Modern upper-class gardens vary, but the classic of the type has a formal layout near the house. This is kept in scale with the size of the house itself - otherwise it might (horror of horrors) be considered pretentious. The formal lines are often marked by hedges - frequently yew for the high ones and box for the low. Within the borders, species plants or old varieties are preferred; they are considered more "natural". Their names are preferred, too. Rosa 'Comte de Chambord' is more welcome than Rosa 'Bobby Charlton' or 'Sexy Rexy', on the basis of its name alone.
In theory, the prejudice against modern hybrids is because they have "lost the unique qualities of the original". In fact, it has more to do with the Yew gardener's taste for the past and a determination not to be associated with "garish"or (worst of all) "suburban" displays.
The upper-class gardener has a certain idea of what he or she wants a garden to do. Gertrude Jekyll defined it as trying to create a picture. This picture is required to be restful, harmonious and in touch with the natural world. Even the furniture must be of natural materials. If, incidentally, this garden happens to reinforce the gardener's self-image as a squire or a lady of the manor, that is considered not unpleasing.

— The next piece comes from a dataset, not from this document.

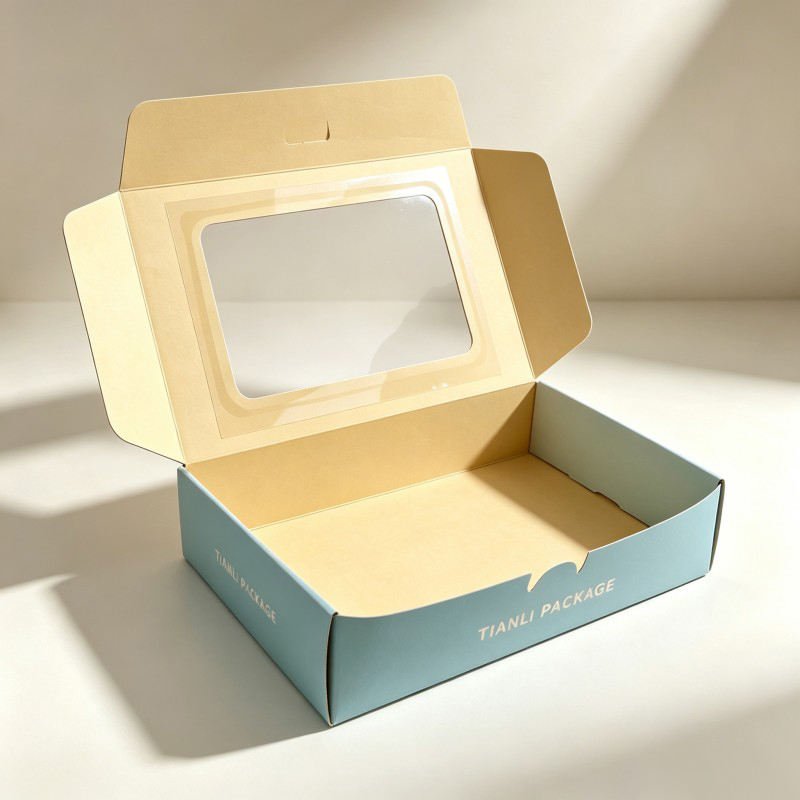 Wholesale Bread Snacks Custom logo Printing Paper Box  Lunch Box with Transparent PVC Window Snack Sushi Mochi Box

The other half of the gardening world makes completely different demands of a garden. Untroubled by aristocratic longings, the Non-Yew gardener is more practical. He - it is more often a he than among the upper classes - wastes no time in constructing a built-in barbecue to go alongside the substantial patio (made of pre-cast concrete slabs moulded to look like York stone - cheaper and less slippery than the real thing). On the patio, steel loungers coated with white poly-something-or-other provide real comfort (unlike the wood and stone benches on which the upper classes cannot sit at all if it has rained in the past week).
Not being quite so attached to nostalgia, Non-Yew gardeners use the latest, best, most colourful hybrids devised. What is more, they mix the colours together. Upper-class gardeners adored powerful colour in Victorian times, but have now lost the stomach for it. Non-Yew gardeners have picked up where the upper classes left off. Wholly immune to colour nausea, they feel that colour is good, therefore the more of it the better. Look through any edition of the weekly Gardening News for a positive colour-drenching.
I wrote along such lines in creating what I hope is a mildly humorous book about these contrasts in modern gardening styles (including a questionnaire for each reader to find his or her place on the horticultural scale). I had expected objections to the detail. I confess that I had not expected certain eminent members of the gardening establishment to jump up and claim that I was writing about a phenomenon that did not exist at all. "Absolute bunkum," one was reported to have said. Rosemary Verey said that the true differences in style were, instead, those between town and country gardens (an assertion, perhaps, not wholly unconnected with the fact that she has a book out on country gardens). Alan Titchmarsh said it was all a matter of fashion; snobbery was unknown.
I will defend my position. I call as my witnesses pink pampas grass, and multicoloured, oversize, hybrid dahlias and chrysanthemums. I ask them, "Where do you live? Do you come from a smart front garden in Kensington? Are you based at Sissinghurst or Hidcote? Are you anywhere in Rosemary Verey's own garden in Gloucestershire, with its discreet knot garden and avenue of pleached hornbeam?"
I think not. These plants will attest that they reside in suburbs, towns and villages (fashionable and unfashionable) tended by gardeners who are usually far more knowledgeable than their upper-class equivalents. The plants will say they are well looked after, colourful and bold. They have no pretensions, except to looking absolutely fantastic.
When Rosemary Verey grows them I will eat my gumboots.
Yew and Non-Yew by James Bartholomew is published by Century at pounds 9.99.